TASK: Look in the data below for the line that has "107 Wayne Ave, Creston, OH 44217", then print exactly every line from there through the line that has "4402 Keota DR, Austin, TX 78749", leaving pictures out.

EXERCISE MATERIAL:
· · · ·
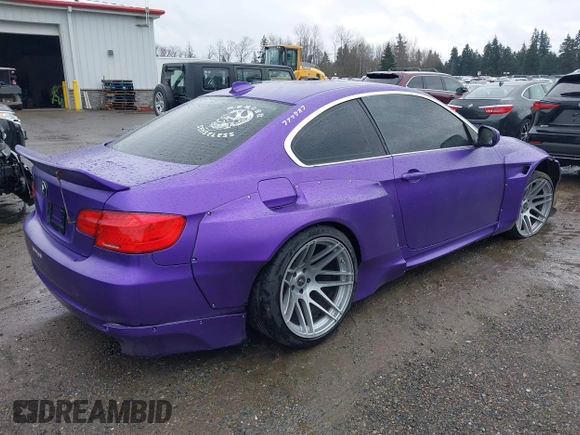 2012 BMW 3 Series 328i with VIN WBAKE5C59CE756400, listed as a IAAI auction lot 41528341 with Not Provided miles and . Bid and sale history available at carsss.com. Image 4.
· · · ·
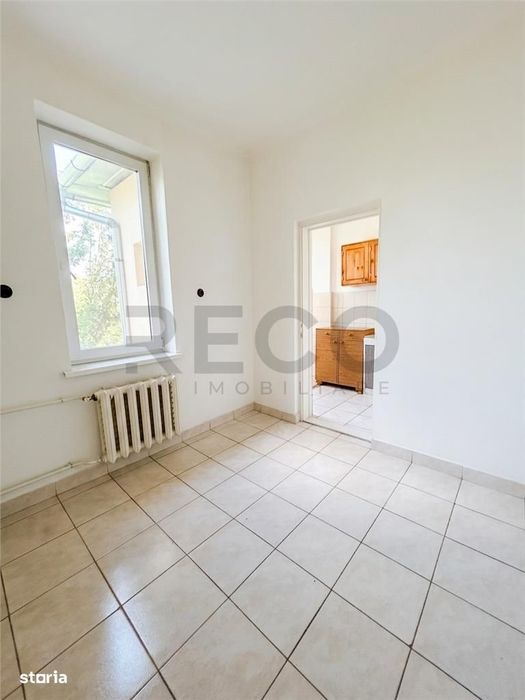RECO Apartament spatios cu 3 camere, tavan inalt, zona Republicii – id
· · · ·
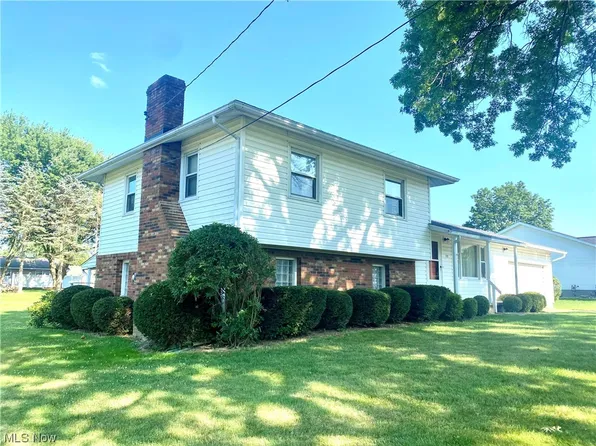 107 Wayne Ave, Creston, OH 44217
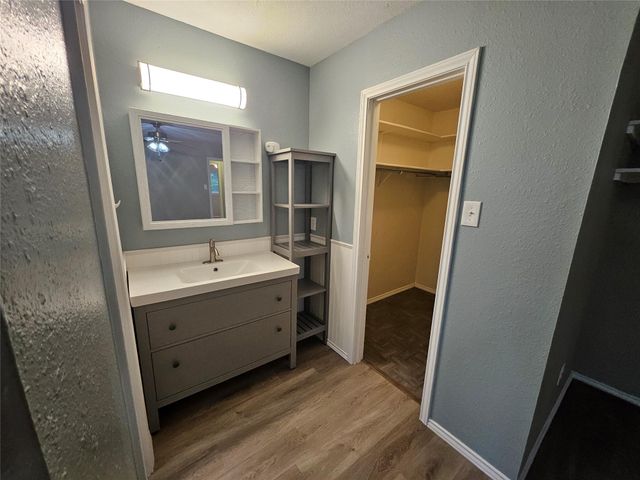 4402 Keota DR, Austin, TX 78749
· · · ·
RESPONSE AREA:
 107 Wayne Ave, Creston, OH 44217
 4402 Keota DR, Austin, TX 78749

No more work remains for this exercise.